3Ayant débuté sa carrière politique au sein de l’Institut national indigéniste (INI)5, López Obrador fait régulièrement référence aux populations indigènes6 du Mexique comme étant les principales bénéficiaires de la politique menée par son gouvernement. Pour autant, la poursuite d’un modèle de développement en grande partie basé sur l’exploitation intensive des ressources naturelles, conduit de nombreuses organisations contestataires revendiquant elles-mêmes une forte identité indigène à s’opposer au nouveau gouvernement (dans le cadre des mouvements de « luttes en défense du territoire »). Il conviendra donc de s’interroger sur les ressorts de ces formes de réinvention stratégique de la tradition7, apparaissant à la fois (en fonction des acteurs y ayant recours) comme registre de mobilisation et dispositifs de gouvernementalité.

4Enfin, à l’aide de données recueillies au cours d’enquêtes de terrain8, je développerai l’hypothèse selon laquelle l’alternance critique mexicaine donne lieu à une recomposition limitée des rapports entre État central, partis politiques et organisations militantes locales.

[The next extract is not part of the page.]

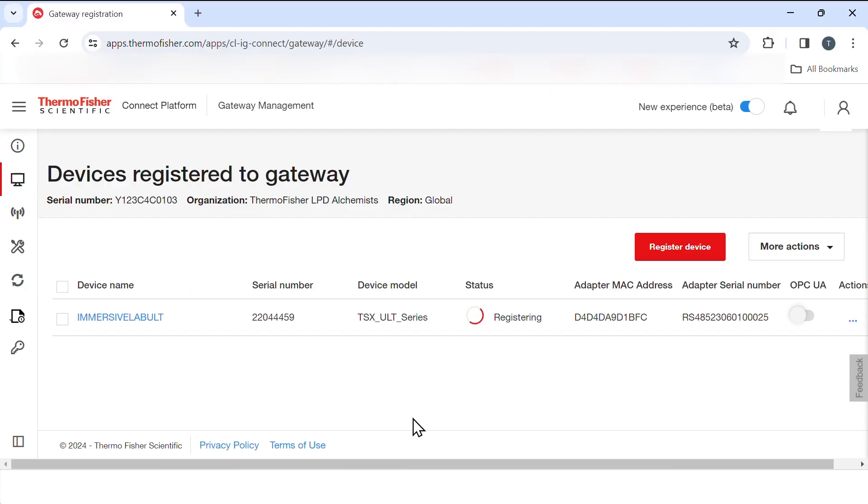The process may take several minutes. Refresh the screen and watch for an updated status of active.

Si la prise du pouvoir fédéral par Morena ne semble pas se traduire par une transformation des mécanismes de dominations ordinaires, celle-ci provoque pour autant une modification de la structure locale des opportunités politiques. Dès lors, des organisations contestataires peuvent être amenées à s’en saisir dans le cadre de configurations politiques locales, au regard de leur agenda propre.

Transformation radicale ou adaptation du Mexique aux normes de bonne gouvernance ?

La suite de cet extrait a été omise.